In 2006 the first 6 cases of robotic TME were documented (72). Rawlings et al. (73) in 2007 reported 17 robotic right hemicolectomies and 13 anterior resections, concluding that robotic surgery is feasible and safe. A similar outcome was reached by Spinoglio et al. (87) in 2008 who compared 50 robotic resections to 161 laparoscopic operations.
A systematic review in 2014 assessed robotic surgery for rectal cancer (88). According to this report, robotic surgery demonstrated prolonged operative time compared to laparoscopic surgery and no difference in blood loss and oncological effect (positive circumferential margins and number of retrieved lymph nodes). Conversion rates to open surgery were found to be smaller for robotic surgery. Additionally, the substantially higher cost of robotic surgery and the lack of evidence regarding long-term oncological and functional outcomes were highlighted. A second systematic review by Milone et al. showed the robotic approach to be better in achieving a complete TME. However, no randomised controlled trials were included in their analysis (89).
The multicentre ROLARR trial (90) randomised 471 patients with rectal adenocarcinoma to robotic-assisted and conventional laparoscopic surgery. The primary outcome was conversion to open laparotomy and robotic-assisted laparoscopic surgery was found to not significantly reduce the risk of that. There was no significant difference in intraoperative or postoperative complications, 30-day mortality, or circumferential margin positivity.

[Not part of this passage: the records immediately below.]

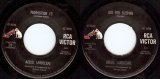 Aerial Landscape - Proposition 13/Are You Sleeping (US)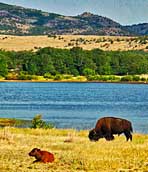 Bison - Wichita Mountains Scenic Byway, OK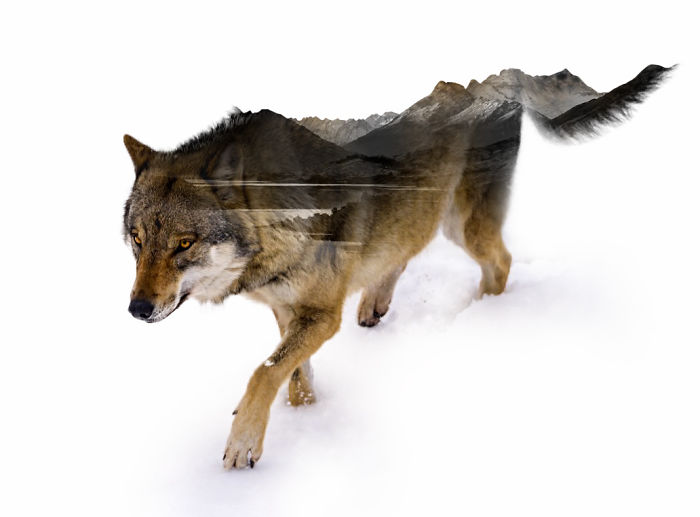 arte-digital-doble-exposicion-nevessart (3)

Robotic upper gastrointestinal surgery
Robotic-assisted upper GI surgery is a rapidly advancing field, due to benefits including providing a high degree of instrument freedom and stabilising the surgeon's tremor. However the current evidence base does not yet fully support its widespread use or justify the associated expense (91).
In 1997, the first robotic cholecystectomy (RC) was performed, marking the first use of the da Vinci Surgical System (83, 92). The current standard of care for the removal of the gallbladder is laparoscopic cholecystectomy (93). A recent systematic review has shown low rates of complications and comparable post-operative outcomes for RC vs. laparoscopic in the elective setting (94). However more studies are needed to assess more complex gallbladder disease outcomes. Several studies have also demonstrated that RC is effective and safe for general surgeons as a tool for robotic surgery training (92, 95).
Robotic-assisted MI oesophagectomy (RAMIE) was introduced in 2003 as a safe and viable option for oesophagectomy. The ROBOT RCT (96) showed that RAMIE yielded comparable oncologic outcomes to open oesophagectomy, with superior rates of surgically related postoperative complications, lower median blood loss, improved functional recovery at postoperative day 14, and better quality of life at discharge and at 6 weeks post-discharge. Long-term survival analysis showed that overall and disease-free survival was comparable, supporting the use of robotic surgery in oesophageal cancer (97). Additionally, Yang et al. (98) showed that RAMIE yielded shorter operation time with improved lymph node dissection compared to MIE, with no difference in complications including vocal cord paralysis, anastomotic leak, pulmonary complications, blood loss, and conversion rate. Long-term survival data from this trial is currently awaited. Further, a systematic review supports the use of RAMIE showing comparable mortality and reduced morbidity rates, however, operative time was found to be longer in patients receiving RAMIE compared to MIE (99).